Ms. Brown has been hired as a governess to Teddy Vaughn. Yes, they are bears who are enchanted, which means that they talk and live lives much like human. Teddy is a sweet cub and Ms. Brown loves teaching him, but her necklace gets stolen. Come to find out, there’s a wild human girl living in the house that they’ve named Goldlilocks. She likes to take things, but Ms. Brown still can’t find her necklace. She finds Goldilocks in need of love and wants to help her.
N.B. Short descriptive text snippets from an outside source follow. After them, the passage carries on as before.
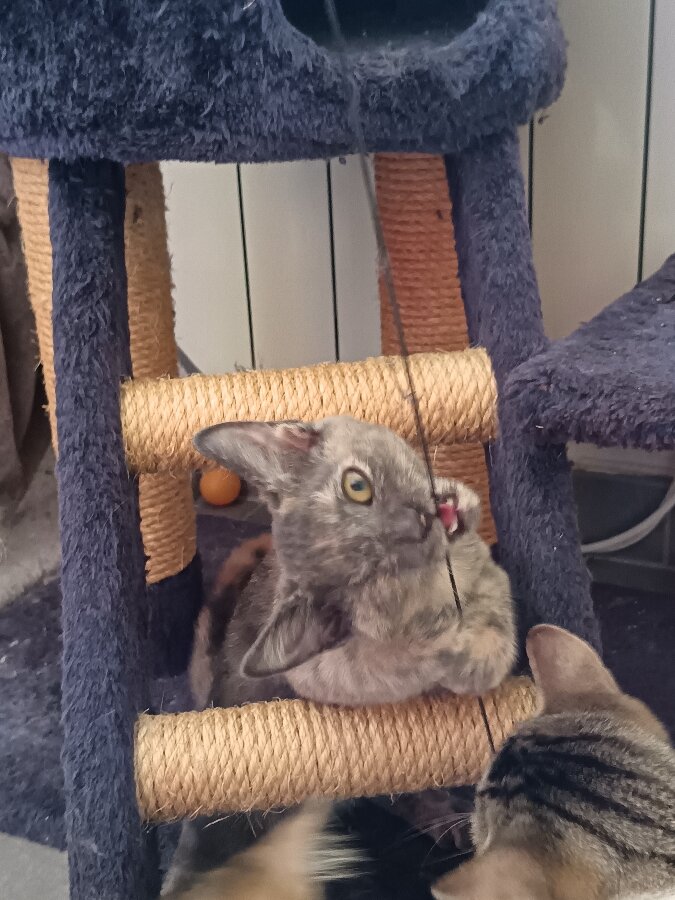 chat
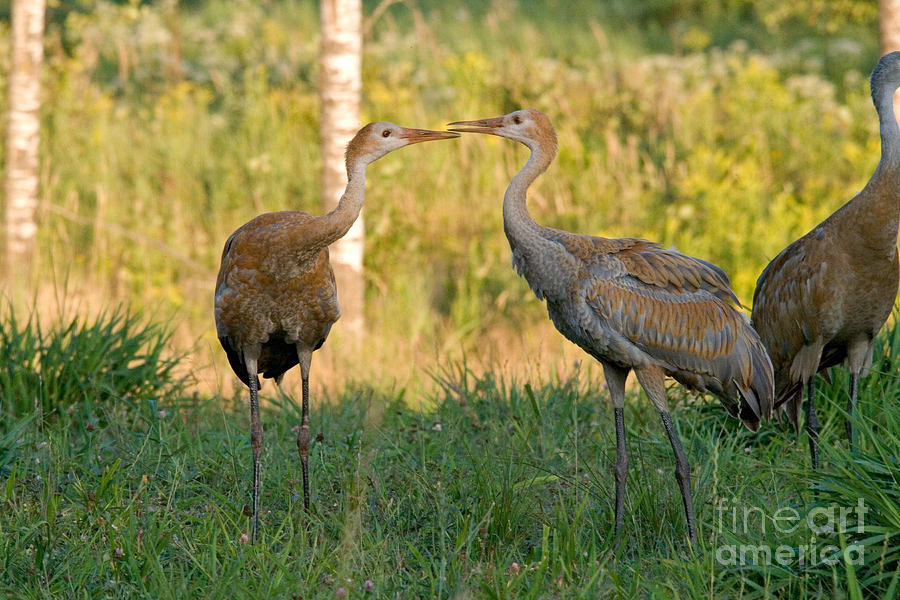 Sandhill Cranes #2 Photograph by Linda Freshwaters Arndt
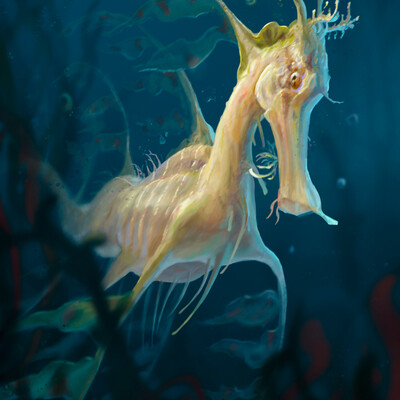 sea Horse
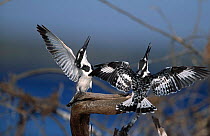 Pied kingfisher pair courtship display {Ceryle rudis} Botswana female on left, male on right.
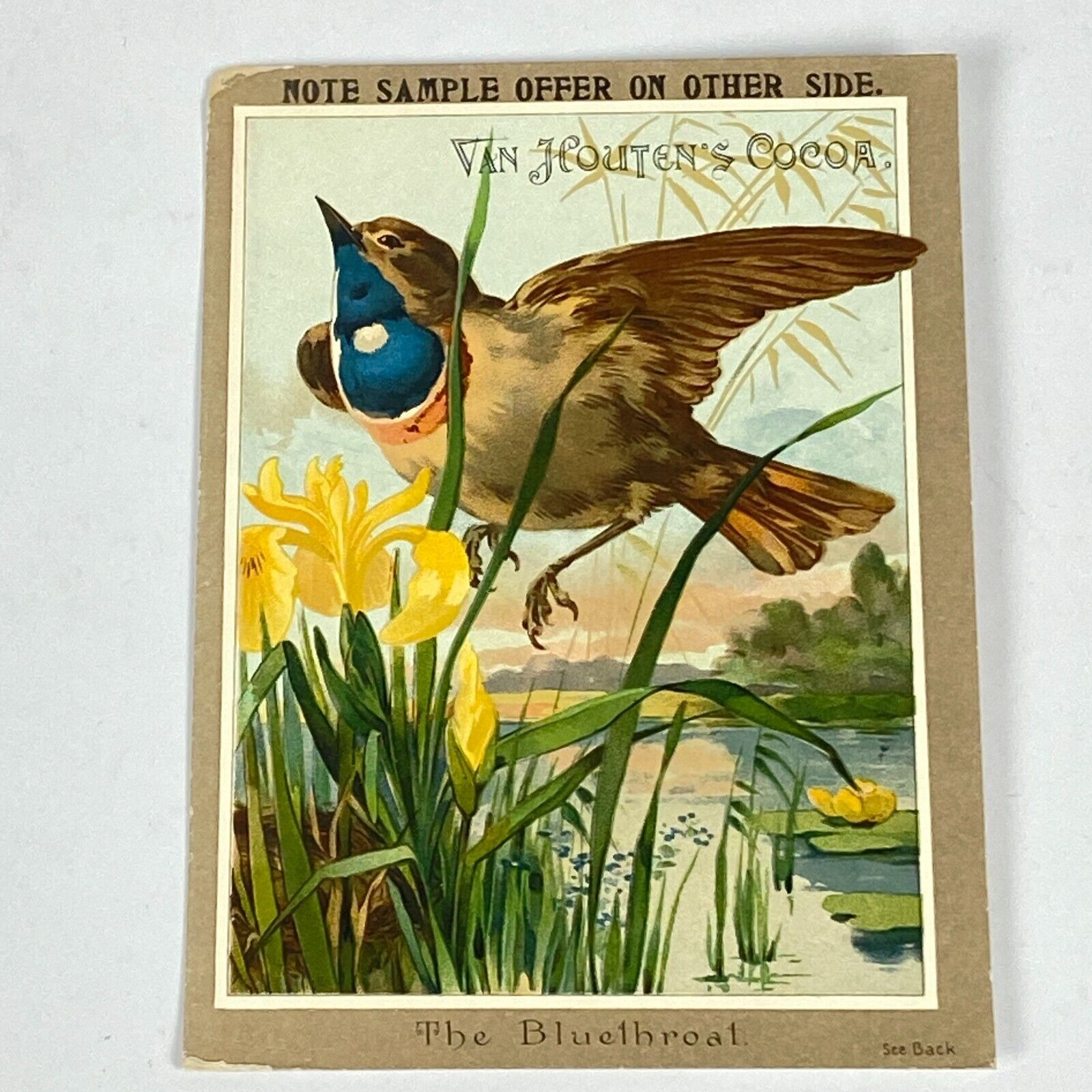 1800\'s Van Houten\'s Cocoa Bluethroat Bird Victorian Trade Card Vtg Advertising
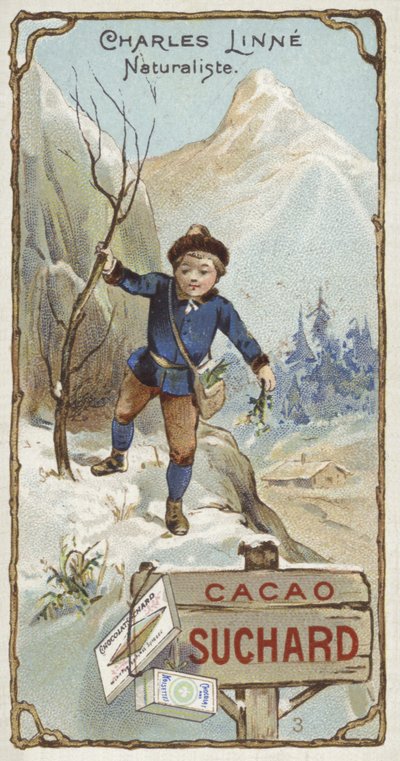Carl Linnaeus, svensk botaniker og zoolog, som barn av European School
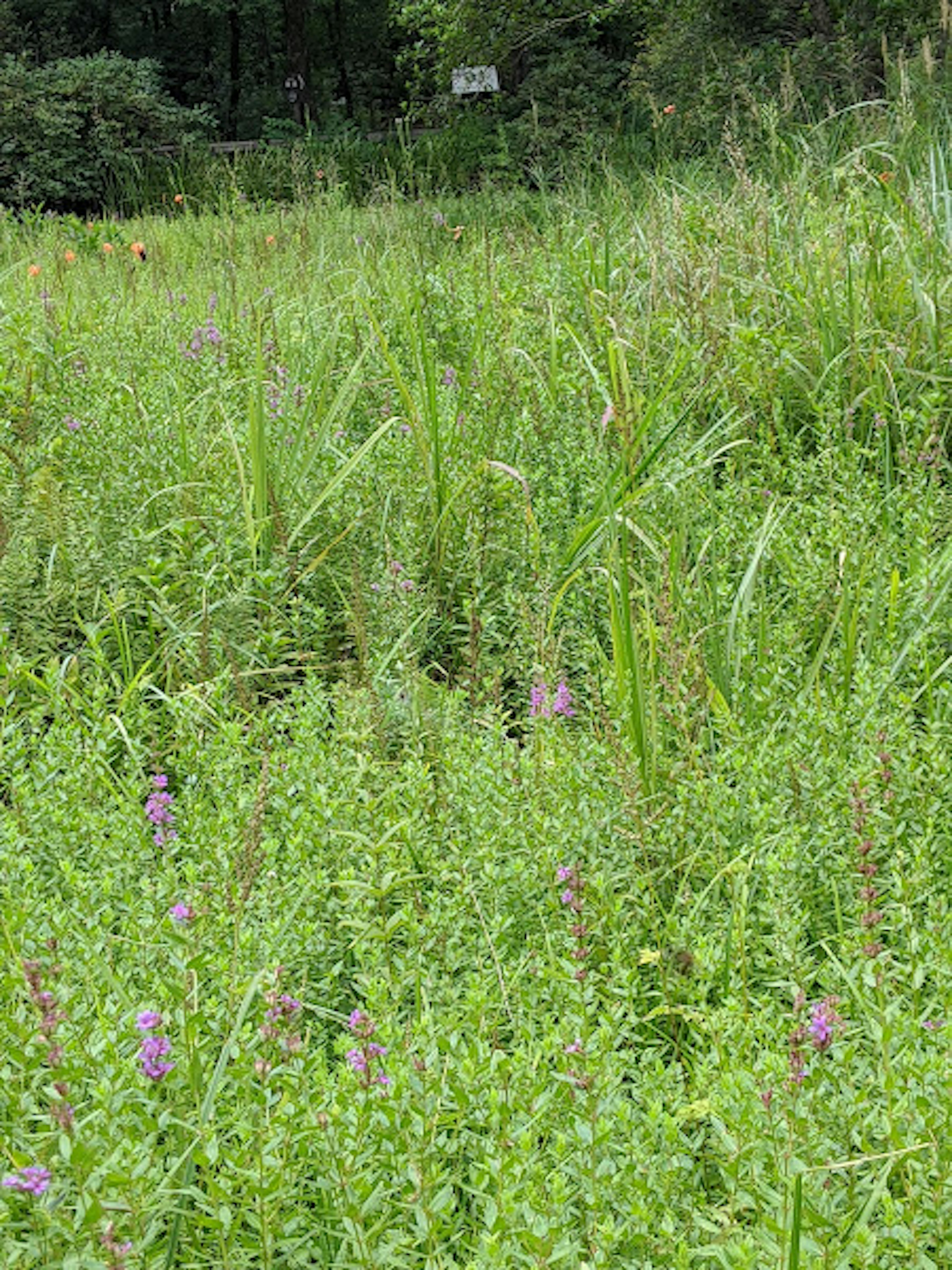 Prato verdeggiante con fiori viola sparsi e erba alta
All sounds well, but there are problems brewing. There’s an association that wants to keep the enchanted animals under curfew and take some of their rights away. Mr. Vaughn is part of the underground enchanted animals meeting, which is against the law. Ms. Brown tries to help keep their cover by playing the organ while they “practice” for “church choir.” There’s also some teens running around who are threatening and stealing from everyone, and they want Goldilocks. They’ll do anything, including violence, to get her. The association will do anything to stop Mr. Vaughn from his activities, which includes helping these violent kids. In the midst of this turmoil, Ms. Brown falls in love with Mr. Bentley, but he is betrothed to another woman.

It’s a somewhat long but cute book. I didn’t like it at the beginning because I don’t like talking animals. I ended up being pulled into the story and wanting the Vaughn’s to win against the humans and find love for Ms. Brown. There’s a small comment being made about people who criticize people who don’t feel like people of different races can adopt children of other races. It’s cute. ( )
  acargile | Oct 20, 2015 |
Amount Listened to: About 9%

Honestly, I picked this up solely because Katherine Kellgren is a fantastic narrator. Plus, it's fairy tales, so why not? Even if the cover really freaks me out.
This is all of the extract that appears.